Work exclusively on the top-of-stack item until it completes or blocks — 3-5 items max, serial execution, not parallel distribution
Maintain a priority stack of three to five items maximum, working exclusively on the top item until it completes or genuinely blocks, then rotating to the next unblocked item rather than distributing attention across the full list.
Why This Is a Rule
A priority list of 15 items is not a priority system — it's a to-do list with labels. The term "priority" means "that which comes first." If more than 3-5 items claim first-place status, nothing is actually prioritized. The 3-5 item maximum reflects working memory constraints: you can hold 3-5 items in active awareness simultaneously. Beyond that, items become invisible — they exist on the list but not in your active attention.
The serial execution model — work exclusively on item #1 until it completes or genuinely blocks — prevents the attention distribution failure. Parallel distribution ("I'll work on all five a little each day") produces context-switching overhead (Calculate activity cost as disruption footprint: ramp-down + activity + ramp-up — the true cost includes attention residue) that consumes 20-40% of available time while giving each item insufficient focused attention to make meaningful progress. Serial execution on item #1 gives it 100% of available attention until it's done, then item #2 gets the same treatment.
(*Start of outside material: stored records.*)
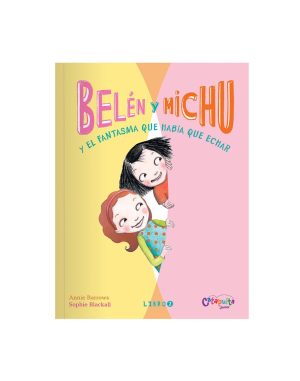 BELEN Y MICHU. LIBRO 2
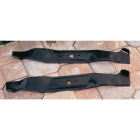 Arnold MTD 38 In. Tractor Mulching Mower Blade Set Image 1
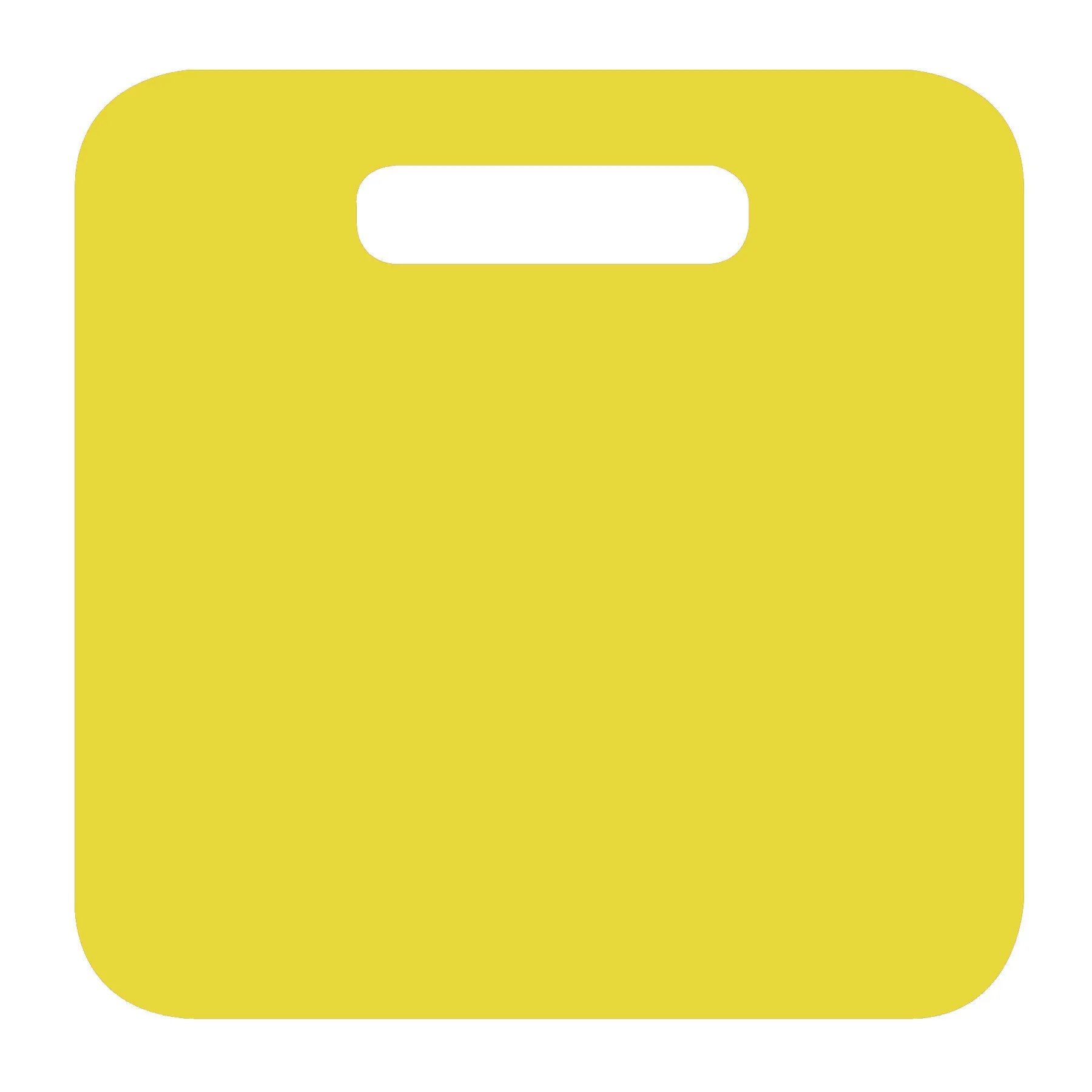 Square EVA Stadium Seat Cushion With Handle 6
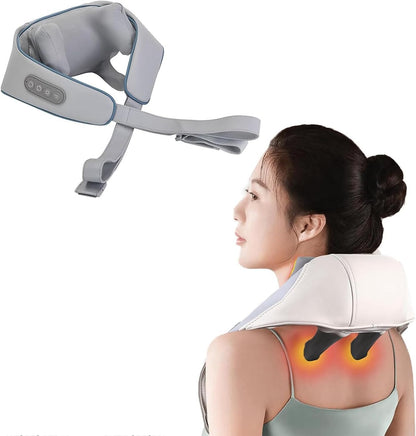 Relaxa™ - Deep Relaxation For Neck & Shoulders – Anytime & Anywhere!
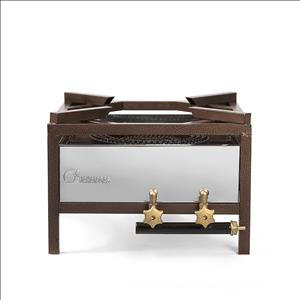 2BURNERS GAS STOVE ( PRS)60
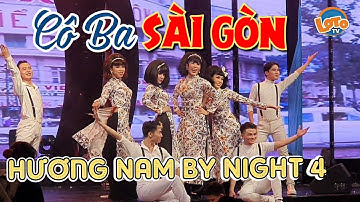 4 Cô 3 Sài Gòn làm "tan chảy" DÀN TRAI ĐẸP, DIVA Cát Thy phản ứng CỰC GẮT khi bị Su Su gọi tên THẬT
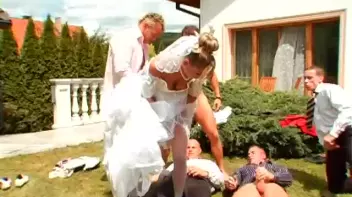 YOU MAY NOW GANGBANG THE BRIDE! Screencap 79 on sinx.preview.netperv.com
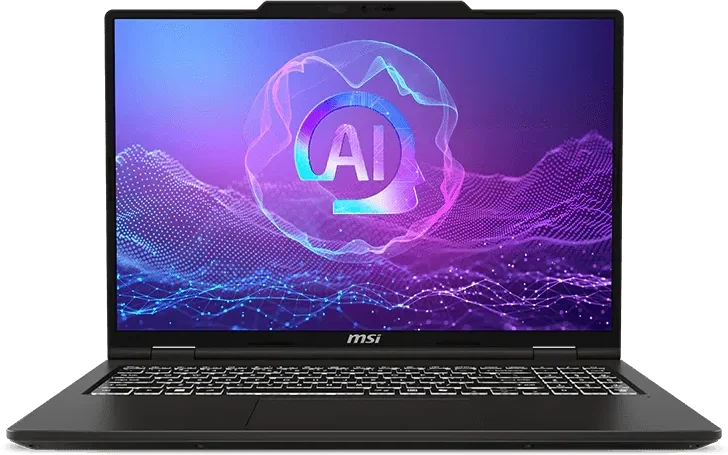 MSI Venture 16 AI A2HM (A2HMTG-047US) Noutbuk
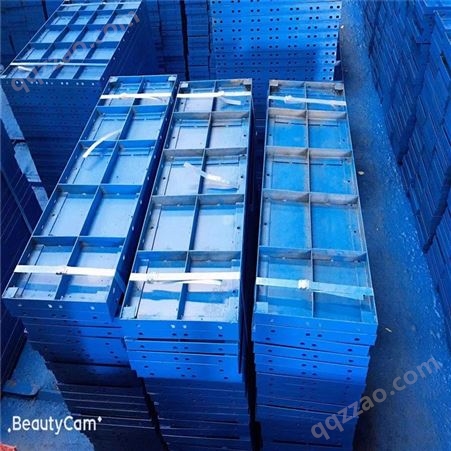 钢模板_汉龙达_缅甸二手建筑钢模板_生产加工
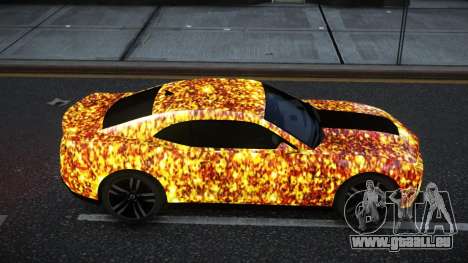 Chevrolet Camaro Nilerva S3 für GTA 4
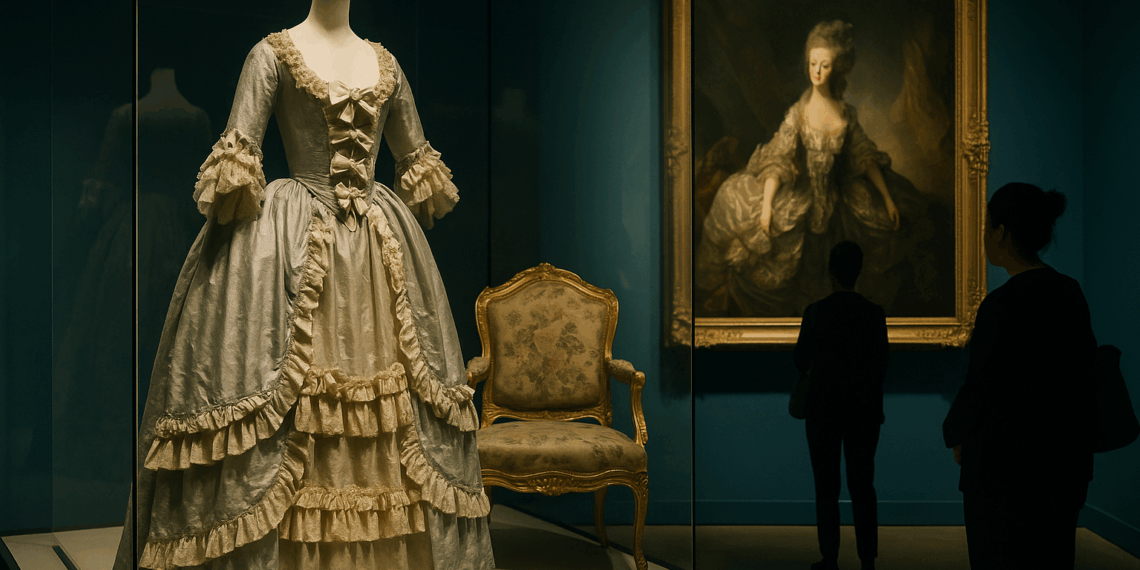 Inside the V&A’s Magical New “Marie Antoinette Style” Exhibition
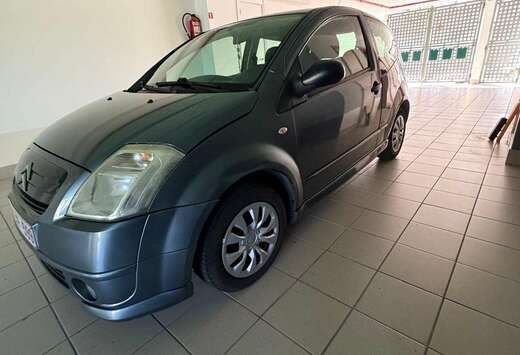 Citroen 1.1 Confort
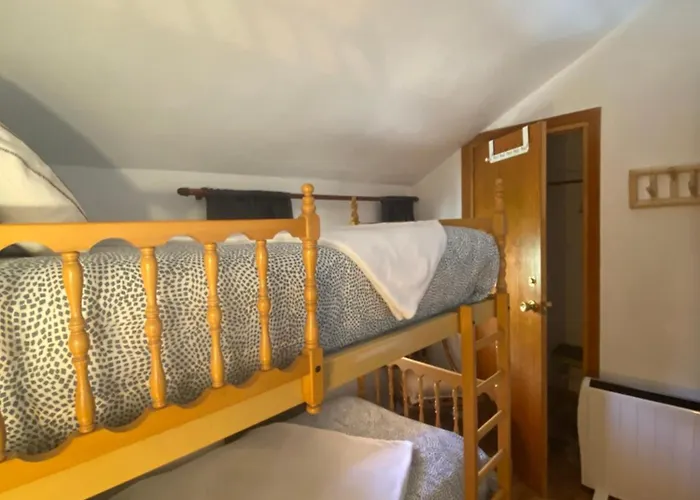 公寓 San Bernardo Zona Alta With Free Garage Parking And Free Wifi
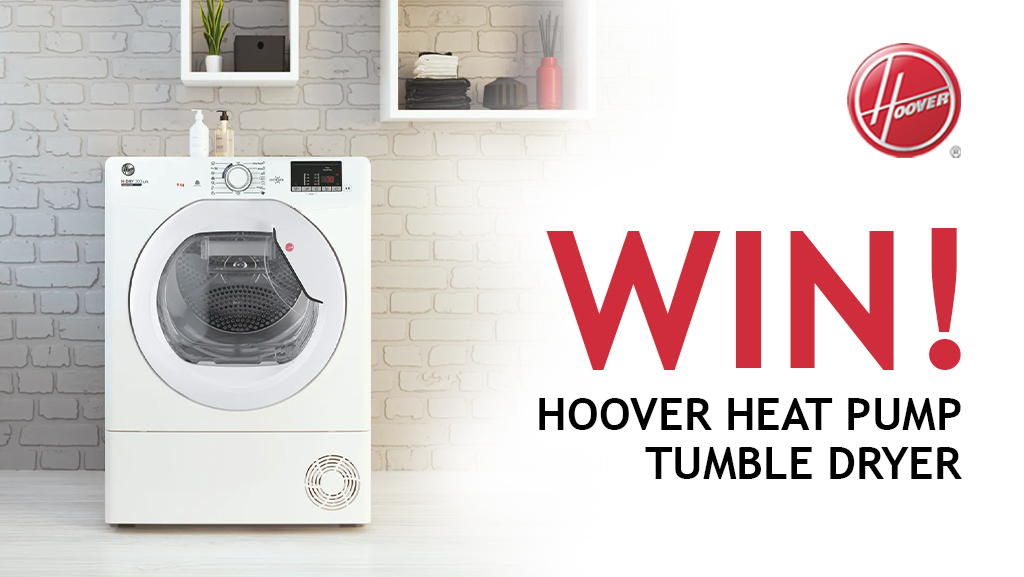 Don't forget to enter our prize draw to #WIN a @Hoover_UK Tumble Dryer! This is a multi-platform prize draw and can be entered on Facebook, Twitter and Instagram separately. Follow @HughesDirect & RT to apply on Twitter🍀 Ends 08/03/23, T&Cs apply - hughes.co.uk/competition-te…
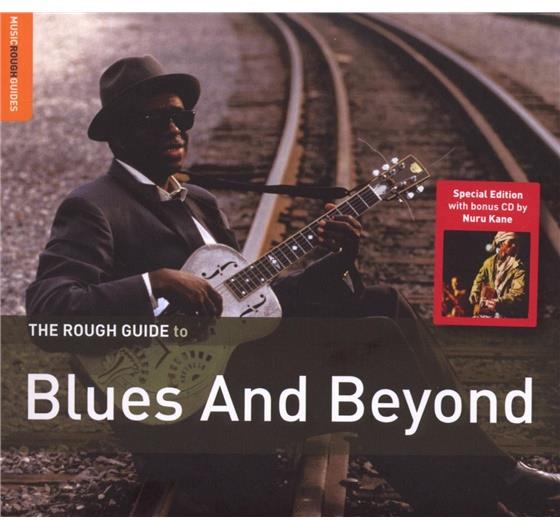 Rough Guide To - Blues And Beyond 2 CDs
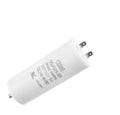 1piece CBB60 120 uF 250v AC 50/60Hz ± 5% Capacitor Double Insert Cylinder Bottom by Unknown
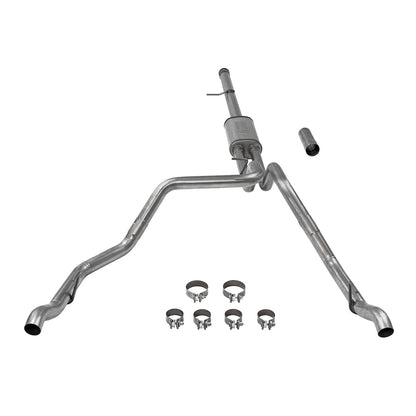 Flowmaster -Flowmaster Flow FX Cat-Back Exhaust System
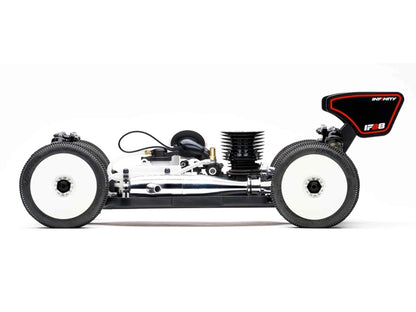 INFINITY IFB8 1/8 SCALE GP BUGGY CAR CHASSIS KIT - Faster RC HobbiesInfinityFaster RC HobbiesCM-00015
"Genuinely blocks" is the escape hatch: if item #1 is waiting for external input and you can't advance it, rotating to item #2 is appropriate. But "I feel like working on something else" is not a genuine block — it's preference, and yielding to it restores the parallel distribution pattern.
When This Fires
- When managing daily or weekly work across multiple priorities
- When you feel scattered across too many priorities — reduce to 3-5 and serialize
- When important projects aren't advancing despite "working on them" — parallel distribution is likely the cause
- Complements Draw the line after item 3 — peak attention hours go above the line, everything below gets leftovers or explicit deferral (top-3 peak allocation) with the serial execution model
Common Failure Mode
Parallel distribution across the full list: "I'll make progress on all 8 priorities each week." Result: 8 items each receiving 5 hours of fragmented attention, none receiving the concentrated 15-hour block that would produce a breakthrough. Serial model: item #1 gets 15 hours until complete, then item #2 gets 15 hours. Same total time, dramatically different results per item.
The Protocol
(1) Maintain a visible stack of 3-5 priority items, ranked by importance. (2) Work exclusively on item #1 until it completes or genuinely blocks. "Genuinely blocks" means: external dependency you cannot resolve, information that hasn't arrived, or a required collaboration partner who's unavailable. (3) When blocked on #1 → rotate to the highest unblocked item. When the block resolves → return to #1. (4) When item #1 completes → item #2 becomes the new #1. Add a new item at the bottom if appropriate. (5) Never work on a lower item when a higher item is unblocked. The stack order IS your attention allocation plan.